LA
MAISON ESPERAZA
Een
typisch Franse gevel. Muren met afbladerende verf en ramen, luiken
en deuren in uitgebleekte vale kleuren. Een sinds jaren verlaten en
vervallen huis in het zuid Franse Espéraza, opnieuw in hartje
Katharen.
De
foto maakte deel uit van zes foto’s die vriend fotograaf Jérome
Yager mij vanuit Brousses had toegestuurd voor de tentoonstelling
‘Yager, De Bie en Dee’ in het Gentse NH Hotel. Ik zou mij door zijn
foto’s laten inspireren voor zes schilderijen. Op zijn beurt zou de
Gentse fotograaf Willy Dee naar mijn schilderijen weer foto’s maken.
Met
vijf van Jérome’s foto’s had ik niet het minste probleem. Ik had ze
zelf bij hem thuis uitgekozen en er schetsen van gemaakt hoe ik ze
als schilderij wou brengen. Maar de zesde, door hemzelf geselecteerde, bleek een zorgenkindje. Niet dat de inhoud mij niet
aansprak, maar ik vond niet de juiste invalshoek. Ik worstelde ermee
tot een week voor de expositie. Ik lag er ’s nachts zelfs wakker
van. Stond op, maakte mij een kop koffie en plaatste de foto voor
mij op de tafel. En de nacht bracht raad. In de twee donkere ramen
aan weerzijden van de dubbele ingangsdeur projecteerde mijn
onbewustzijn twee vage schimmen. Er ontstond een situatie in mijn
geest. Ik had mogelijks een oplossing voor het probleem gevonden.
’s
Anderendaags begon ik op het atelier het thema meteen vorm te geven.
De schimmen werden gedaanten, twee maal dezelfde tengere man. In het
ene raam met een wat krankzinnige lach en een kinderlijke blik de
wereld inkijkend en gekleed in een kleurrijk en frivool hemd.

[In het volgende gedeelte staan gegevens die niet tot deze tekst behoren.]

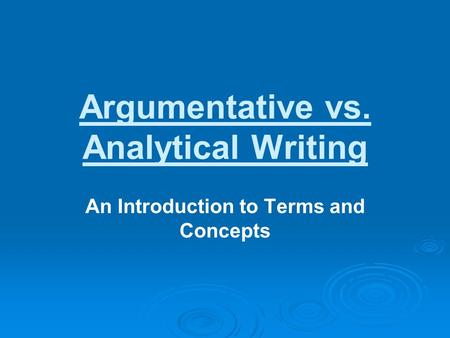 Argumentative vs. Analytical Writing An Introduction to Terms and Concepts.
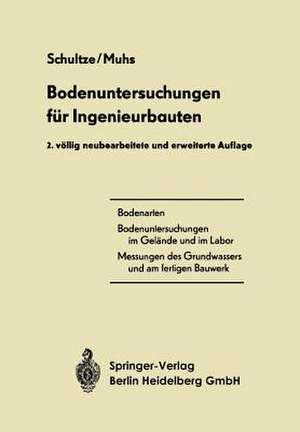 Bodenuntersuchungen für Ingenieurbauten de Edgar Schultze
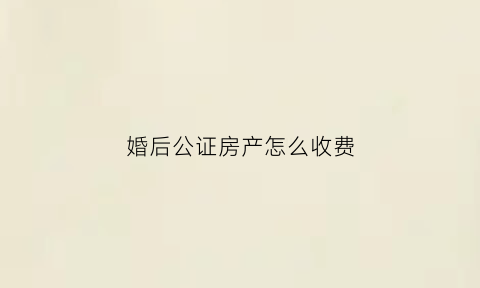 婚后公证房产怎么收费(婚后房子公证后产权归谁)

In het
andere een donker angstaanjagend gelaat, onheilspellend. Alles in
zwarte, grijze, blauwe en move tinten. Een waanzinnig getormenteerde
ziel en een stupide naïeveling. Er sprak gespletenheid uit.
Op de
zwoele, zware en naar mijn aanvoelen voodooachtige avond van de
vernissage, waarbij zich bij de heenrit op straat enkele bizarre
taferelen hadden afgespeeld, was ook Jérome uit Frankrijk overgekomen. Een half uurtje voor de opening wandelden we beiden door de
foyer van het hotel langsheen de werken. Toen we bij het bewuste
schilderij kwamen bleef hij staan. Ik kende hem onderhand goed
genoeg om aan zijn typische verwonderd starende blik te merken dat
hij door iets geraakt was. Hij keek mij aan en vroeg met mysterieuze
glimlach of ik meer wist over het huis of de bewoner kende. Toen ik
naar waarheid ontkende, vertelde hij dat daar ooit een wat rare
eenzaat had gewoond. Een onevenwichtig, schizofreen persoon. Een
man zoals op het schilderij. “En geloof het of niet” zei hij, “maar
hij droeg altijd zo’n frivool hemdje zoals jij het hebt
geschilderd”. Er liep een ijzige rilling over mijn rug, gevolgd door
een warme gloed. Want hoe dan ook had ik mijn opdracht naar behoren
volbracht. Het werk maakte emoties los. En niet alleen bij mijn
vriend, want ondanks de toch zware toonaard wekte het bij andere
toeschouwers ook belangstelling en vragen op. Wat er tussen Jérome,
het huis en mezelf gespeeld heeft laat ik in het midden. Maar als ik
weer eens in die mythische Katharen ga rondzwerven moet ik er werk
van maken om dat huis eens te gaan opzoeken.